Doloszeski, E. (2024). Exploring phosphine ligation states through QM/MM simulations with equivariant graph neural networks [Diploma Thesis, Technische Universität Wien; ETH Zürich]. reposiTUm. https://doi.org/10.34726/hss.2024.120246
Machine-learned force fields; QM-MM; nickel-benzaldehyde
en
Abstract:
To validate a previously developed equivariant graph neural network (GNN) featuring anisotropic message passing, investigation of ligation states of phosphine ligands within transition metal complexes was chosen. These ligands play a key role in cross-coupling reactions. By integrating anisotropic states inspired by the Cartesian multipole formalism into the neural network, the network captures directional information. The neural network was successfully used to replace the quantum mechanical calculations in a quantum mechanics/molecular mechanics (QM/MM) molecular dynamics (MD) simulation of 20 distinct phosphine ligands attached to a nickel-benzaldehyde complex. A speed-up factor of 10^5 was obtained for the largest complex in the training data with the ligand CataCXiumA using the ML model substituting the DFT method. The model with approximately 600 000 parameters achieved a mean absolute error (MAE) for energies of 2.2 kJ/mol when it was trained on 42 000 data points including coordinates and charges to reproduce forces, energies and molecular multipole information. The model showed good transferability for four ligands, which were not present in the training data set, maintaining a mean absolute error for energies between 2.3 and 6.2 kJ/mol. Chemical accuracy was achieved for three of these ligands. For all complexes ML/MM MD trajectories could be produced for extensive periods of time, spanning several hundred picoseconds. Prospective simulations indicate comparable trends across all 13 ligands, comparable to experimental data from Newman-Stonebraker et al. For two complexes, (PteroPhos)2 Ni(benzaldehyde) and (PCy3 )2 Ni(benzaldehyde), free energy profiles obtained from prospective simulations using umbrella sampling correctly predicted the experimentally observed ligation state, when transferred to the monoligated equivalent.
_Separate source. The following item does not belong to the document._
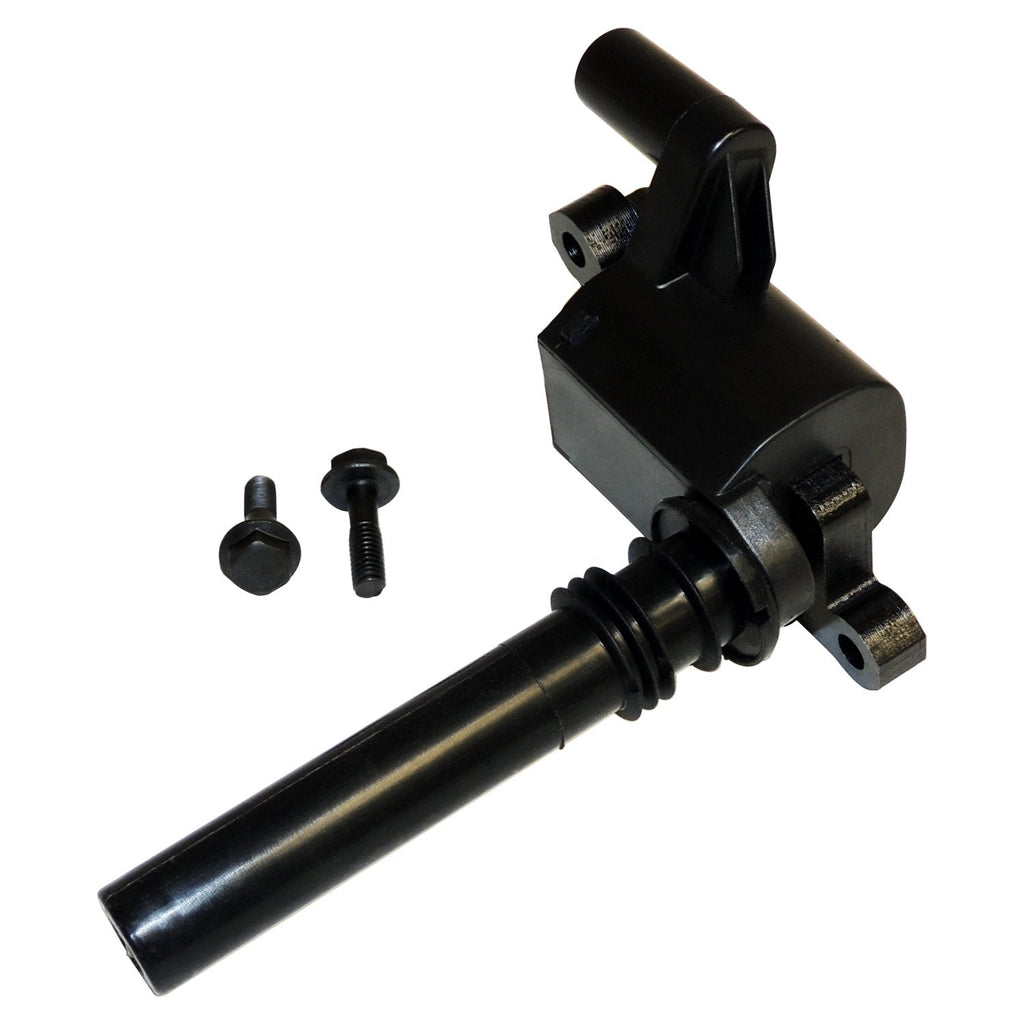 Crown Automotive Jeep Replacement Ignition Coil Ignition Coil for 2005 Jeep WK, WH Grand Cherokees w/ 5.7L Engine - 56028394AD - Crown Automotive Jeep Replacement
Remarkably, the largest system, PteroPhos, comprising 385 QM atoms and 4 000 MM atoms, was accurately predicted despite its size and not being present in the training or validation set demonstrating the scalability of the method.This new method allows the description of systems that were previously difficult or impossible to describe due to their size and complexity, which prevented the use of more established methods such as pure QM calculations or the force field formalism.